═══ EXERCISE DATA

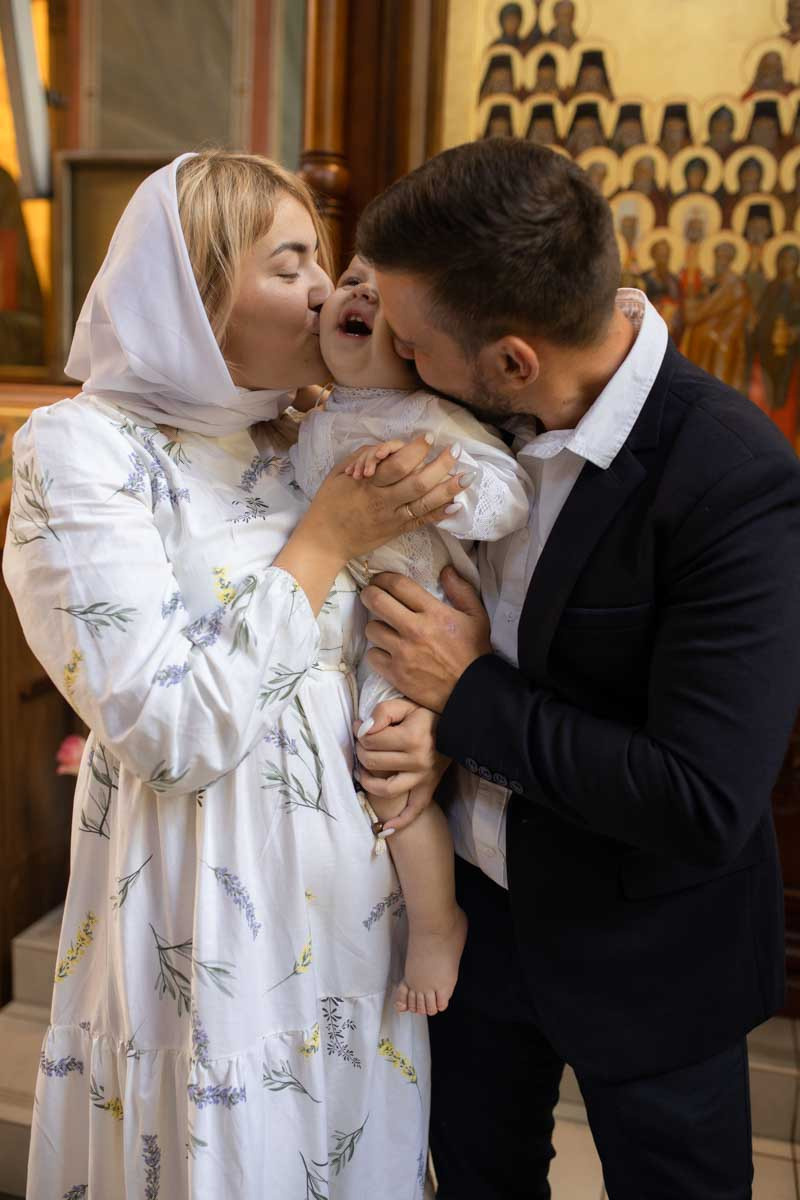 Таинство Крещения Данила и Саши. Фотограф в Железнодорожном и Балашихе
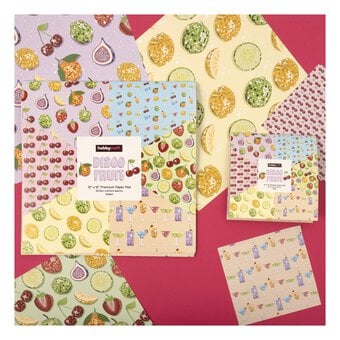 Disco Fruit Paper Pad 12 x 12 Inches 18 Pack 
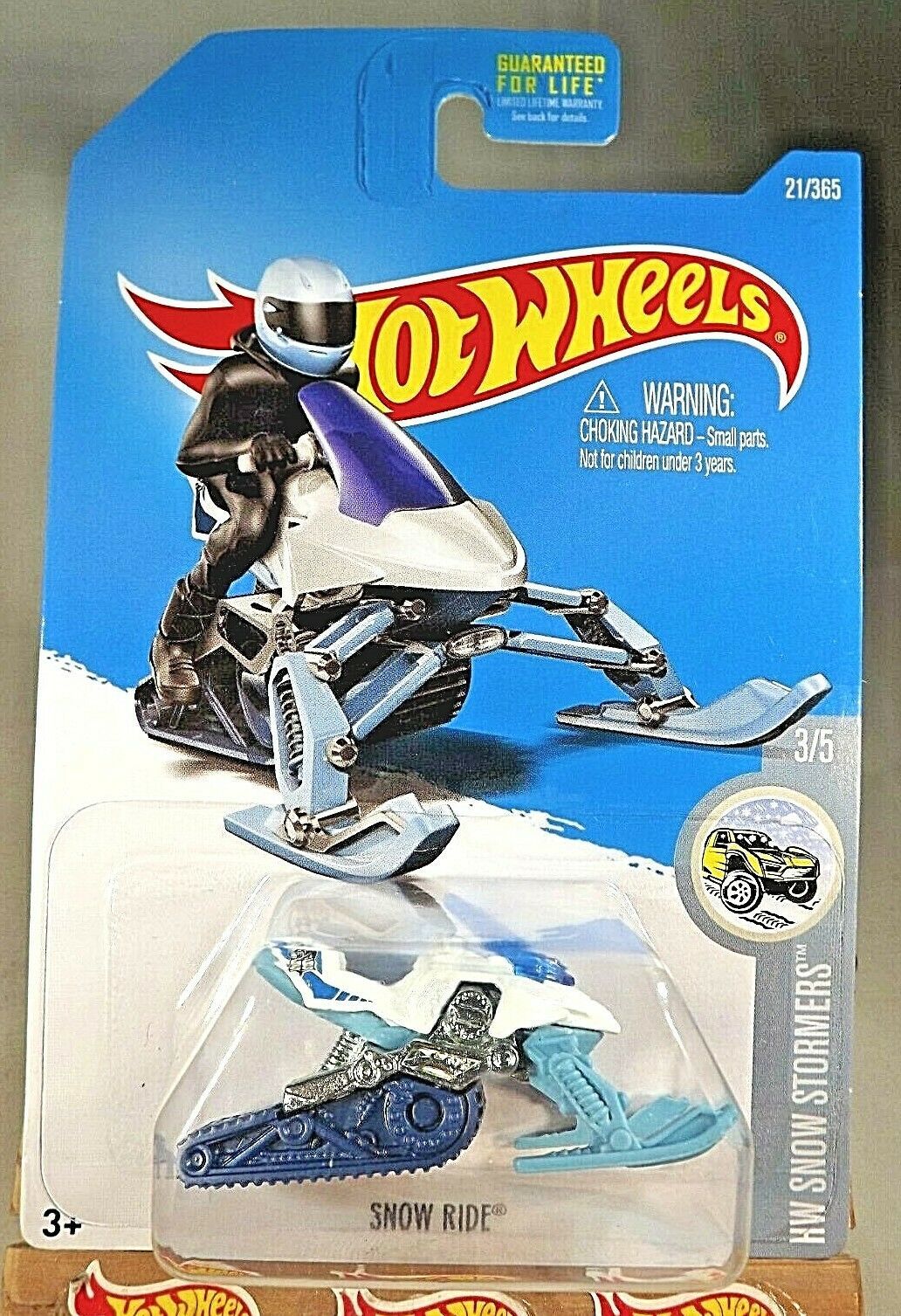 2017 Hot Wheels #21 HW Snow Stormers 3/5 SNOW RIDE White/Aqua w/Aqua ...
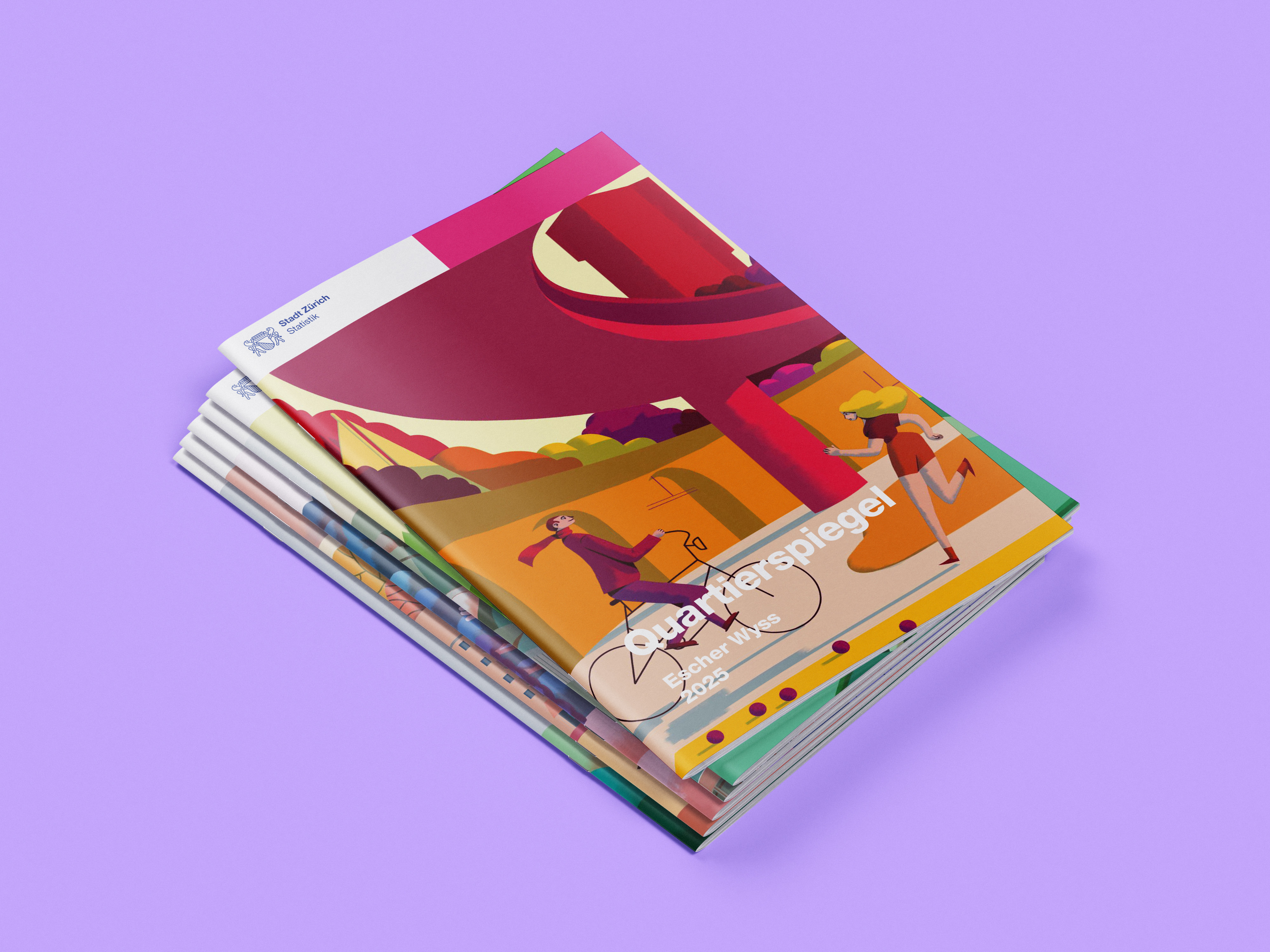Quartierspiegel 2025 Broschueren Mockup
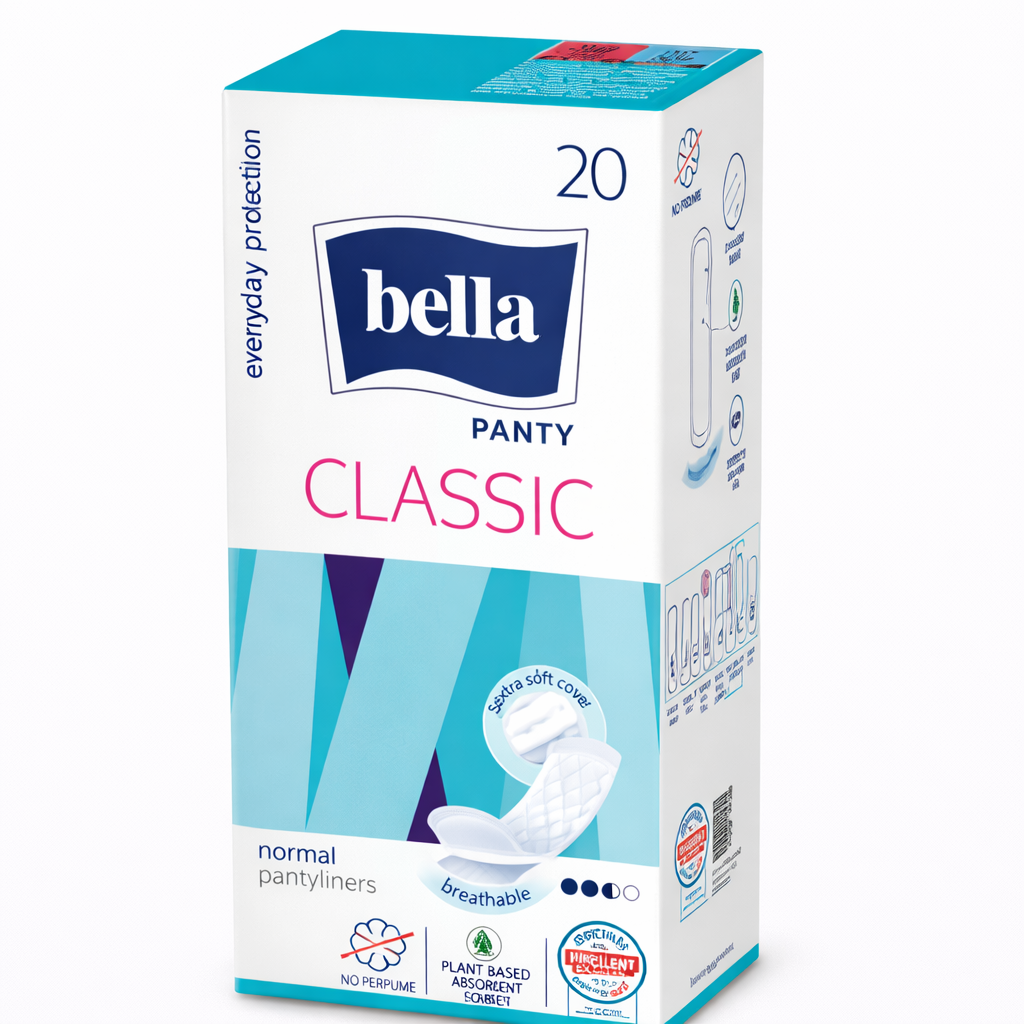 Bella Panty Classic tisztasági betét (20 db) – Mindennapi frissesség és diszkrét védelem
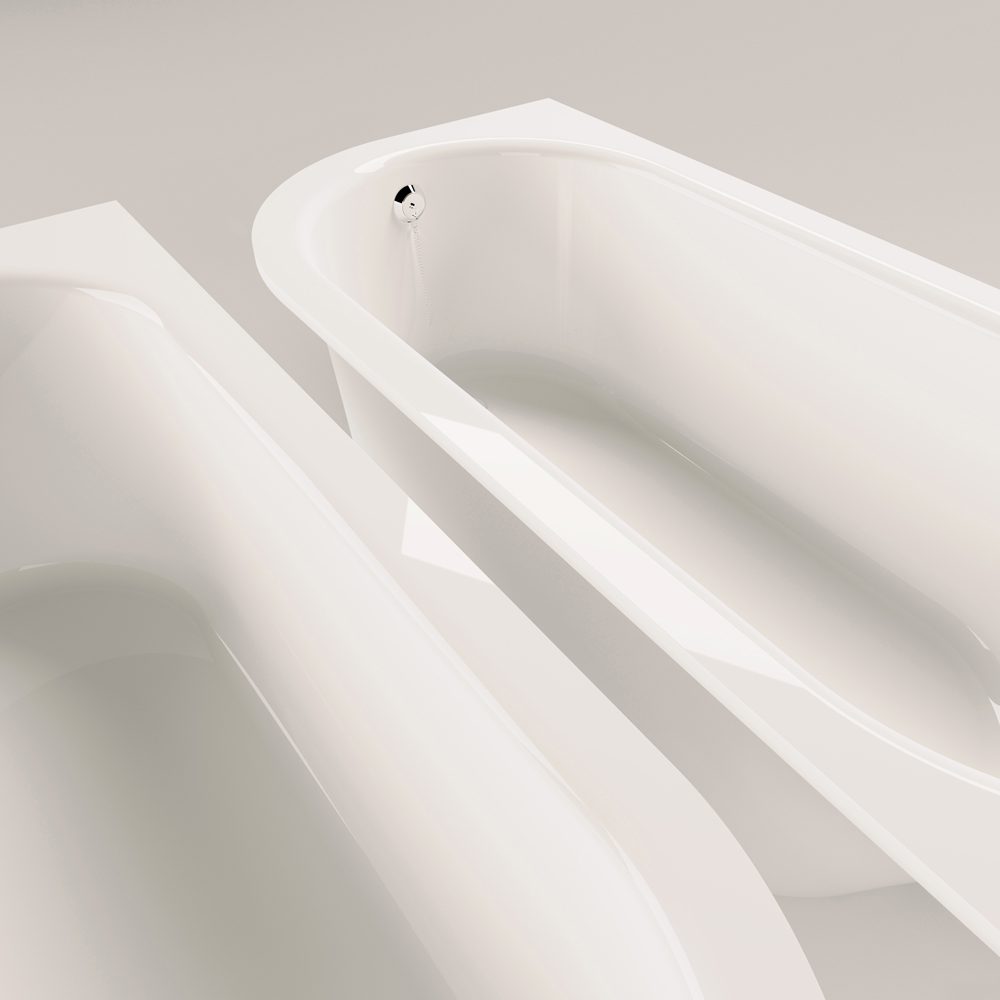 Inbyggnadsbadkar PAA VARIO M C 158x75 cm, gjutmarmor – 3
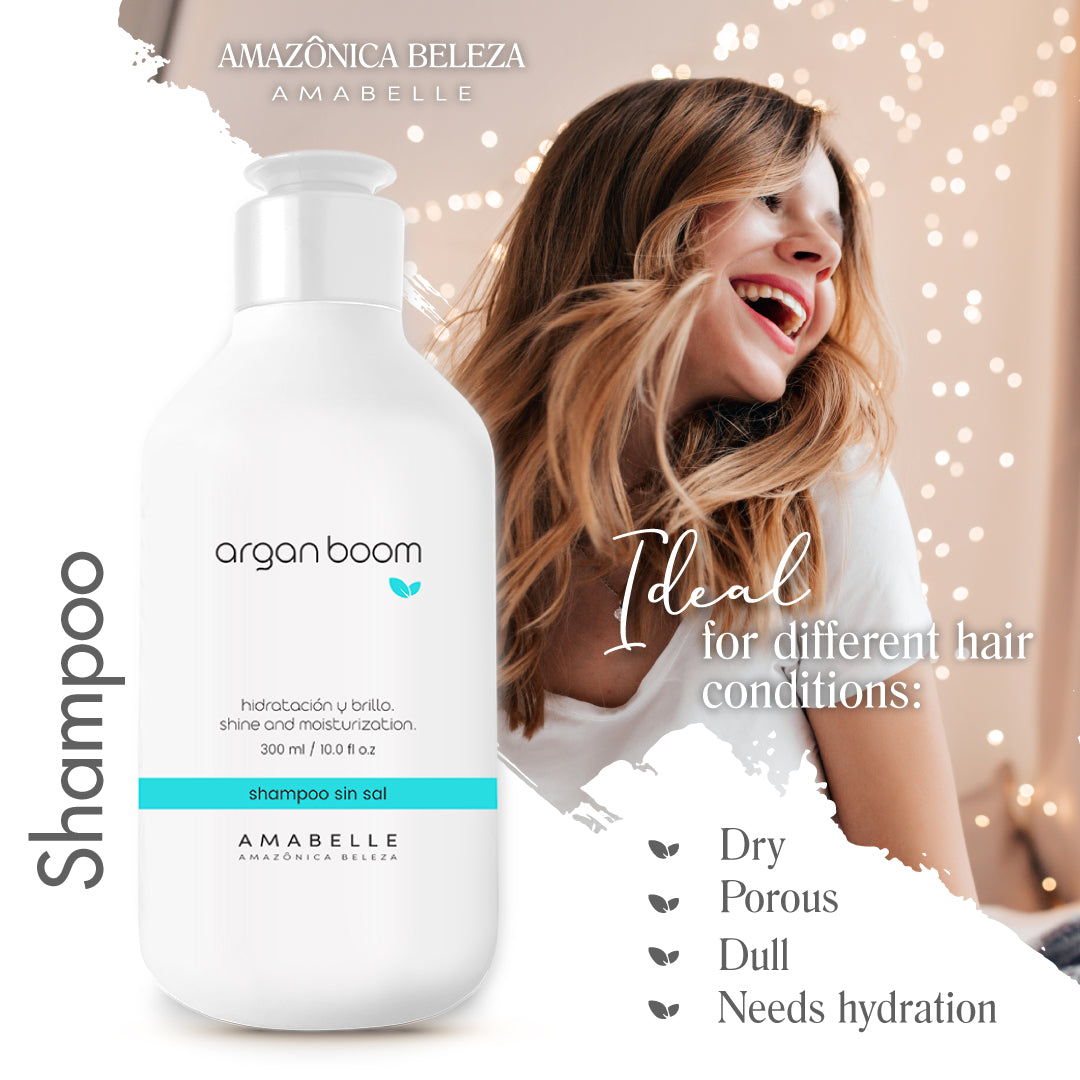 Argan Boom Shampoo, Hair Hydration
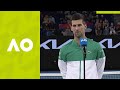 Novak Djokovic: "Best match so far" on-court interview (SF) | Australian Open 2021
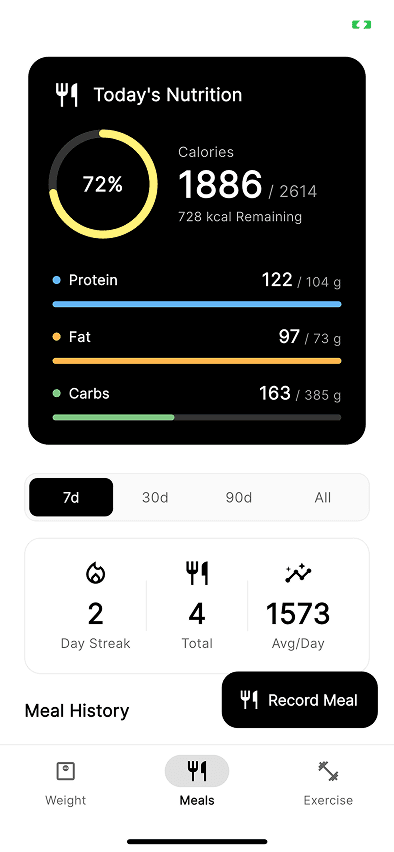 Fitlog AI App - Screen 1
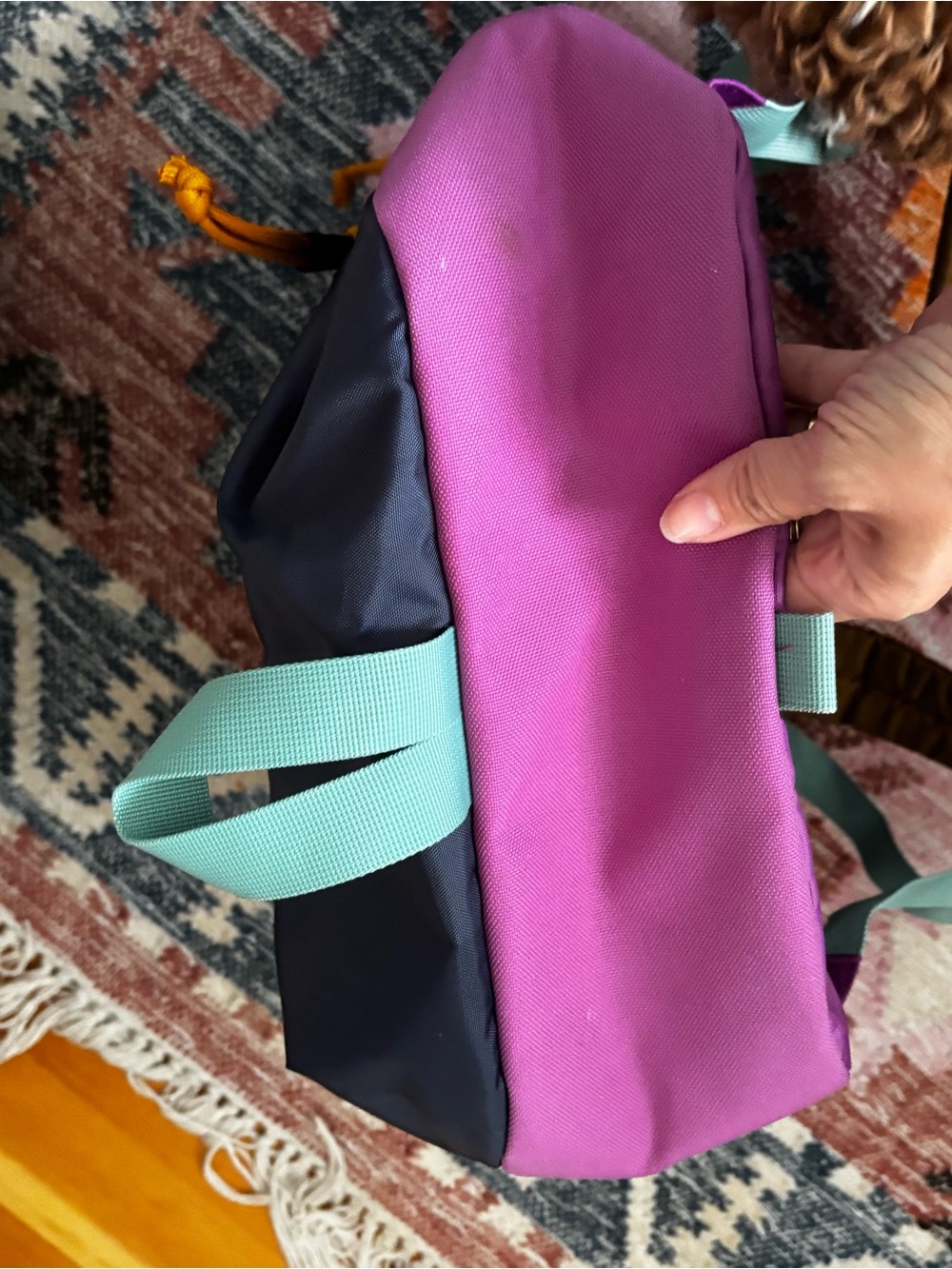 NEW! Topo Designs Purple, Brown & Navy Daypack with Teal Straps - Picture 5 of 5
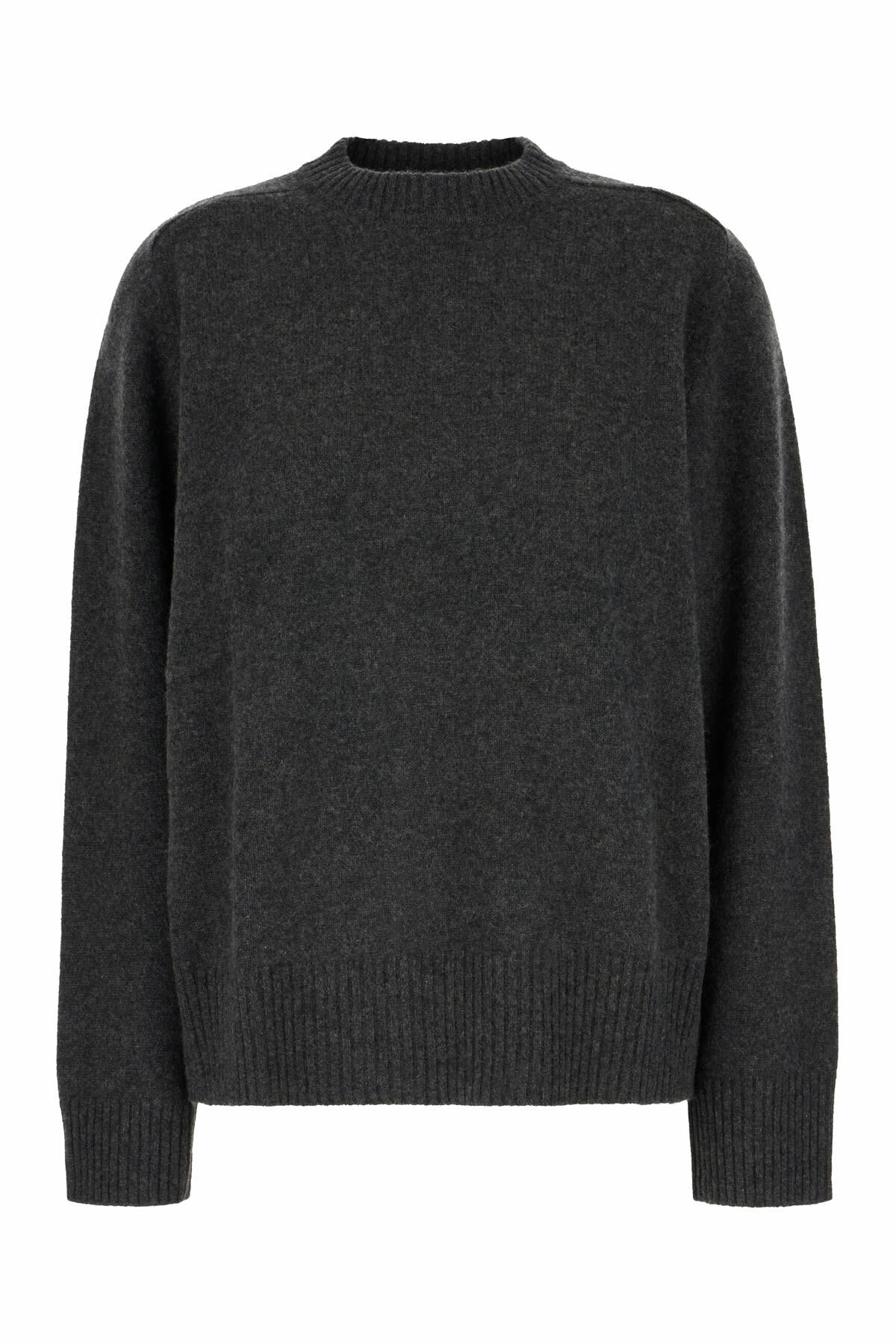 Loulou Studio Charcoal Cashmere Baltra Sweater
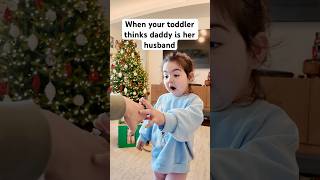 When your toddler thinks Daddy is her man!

══════

No pictures belong in the output. It should reproduce exactly the lines from the one containing "Disco Fruit Paper" through the end of the data, both ends included.

 Disco Fruit Paper Pad 12 x 12 Inches 18 Pack 
 2017 Hot Wheels #21 HW Snow Stormers 3/5 SNOW RIDE White/Aqua w/Aqua ...
Quartierspiegel 2025 Broschueren Mockup
 Bella Panty Classic tisztasági betét (20 db) – Mindennapi frissesség és diszkrét védelem
 Inbyggnadsbadkar PAA VARIO M C 158x75 cm, gjutmarmor – 3
 Argan Boom Shampoo, Hair Hydration
 Novak Djokovic: "Best match so far" on-court interview (SF) | Australian Open 2021
 Fitlog AI App - Screen 1
 NEW! Topo Designs Purple, Brown & Navy Daypack with Teal Straps - Picture 5 of 5
 Loulou Studio Charcoal Cashmere Baltra Sweater
 When your toddler thinks Daddy is her man!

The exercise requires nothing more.